Easter arrived in the midst of a soaking cold rain this year. Though we tend to think of sunshine and spring colors at this time of year, a good rain is appropriate, too. All the plants springing up need water to thrive, and rain seems to wash the air and make everything from rocks to flowers shine with renewed life.

 

No matter what the weatherfolk had in store for you this Easter, we hope your day was joyful and that you, too, now feel washed clean and full of new life! 

 


Sincerely,


The Sisters and Companions of 

The Community of the Holy Spirit

 

 

Baby chicks

Baby chicks

 

Just for fun ...

 

More layers this year-----  Rhode Island Red, New Hampshire Red and Barred Rock chickens arrived early in April. They were about two days old when this video was made, and they were all happily checking out their toasty new home! 

 
Rejoice now, all you heavenly hosts and choirs of angels

ExsultetThe first time I heard the Exsultet was at St. Bart's, when Andrea Meyer sang it in front of a mega-crowd. She had practiced for months and was still nervous.
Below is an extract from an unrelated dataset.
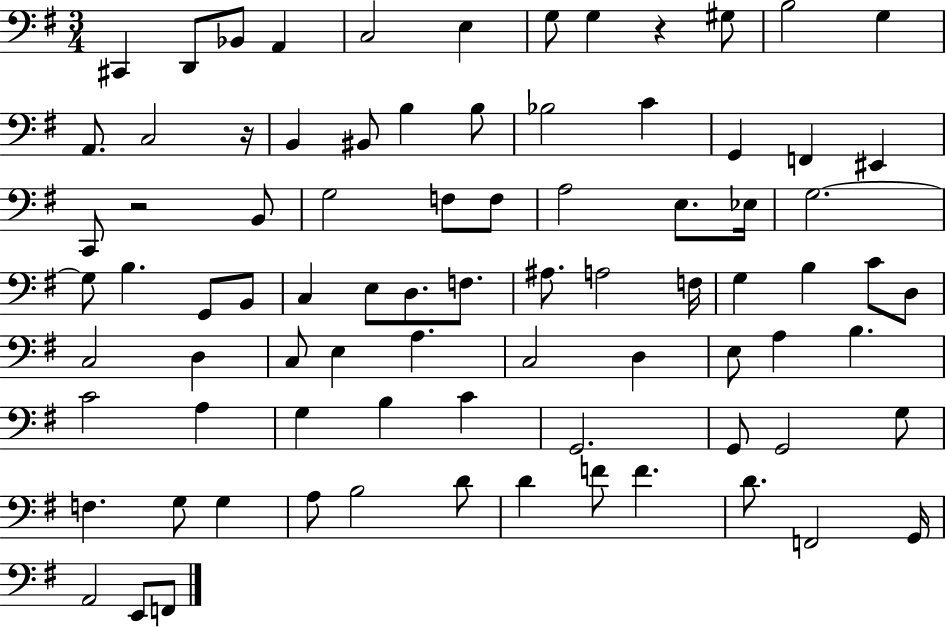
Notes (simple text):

C#2/q D2/e Bb2/e A2/q C3/h E3/q G3/e G3/q R/q G#3/e B3/h G3/q A2/e. C3/h R/s B2/q BIS2/e B3/q B3/e Bb3/h C4/q G2/q F2/q EIS2/q C2/e R/h B2/e G3/h F3/e F3/e A3/h E3/e. Eb3/s G3/h. G3/e B3/q. G2/e B2/e C3/q E3/e D3/e. F3/e. A#3/e. A3/h F3/s G3/q B3/q C4/e D3/e C3/h D3/q C3/e E3/q A3/q. C3/h D3/q E3/e A3/q B3/q. C4/h A3/q G3/q B3/q C4/q G2/h. G2/e G2/h G3/e F3/q. G3/e G3/q A3/e B3/h D4/e D4/q F4/e F4/q. D4/e. F2/h G2/s A2/h E2/e F2/e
But when she opened her mouth, her voice soared and the intense beauty of that chant held me transfixed. A subconscious wish to sing that glorious song was planted in my brain that night.

But only deacons or priests sing the Exsultet. Since I'm neither, that desire stayed buried. Then I came to the community. Here the professed sisters sometimes sing it when a priest or deacon is not available or cannot manage the notes. Hmmm...

Fast forward to now. We are a small group in the city with mostly elderly sisters. We don't sing much of anything anymore, but for the High Holy Days we try.  Last year Sr. Faith Margaret sang the Exsultet. This year I offered to do it.

I was born loving to sing. I lost that with age. Some people lose their hair or their hearing or their sense of humor... For me, in addition to the hearing, I've lost the ability to sing, at least with any reliability. My voice is reedy and I have the added insult of asthma. I barely croak out a hymn. I'll be singing along just fine, and then something catches in my throat, a speck of dust ... a gremlin ... who knows? What follows is a coughing fit that won't subside, with lots of gasping in between. No rhyme or reason, just unpredictable and uncontrollable.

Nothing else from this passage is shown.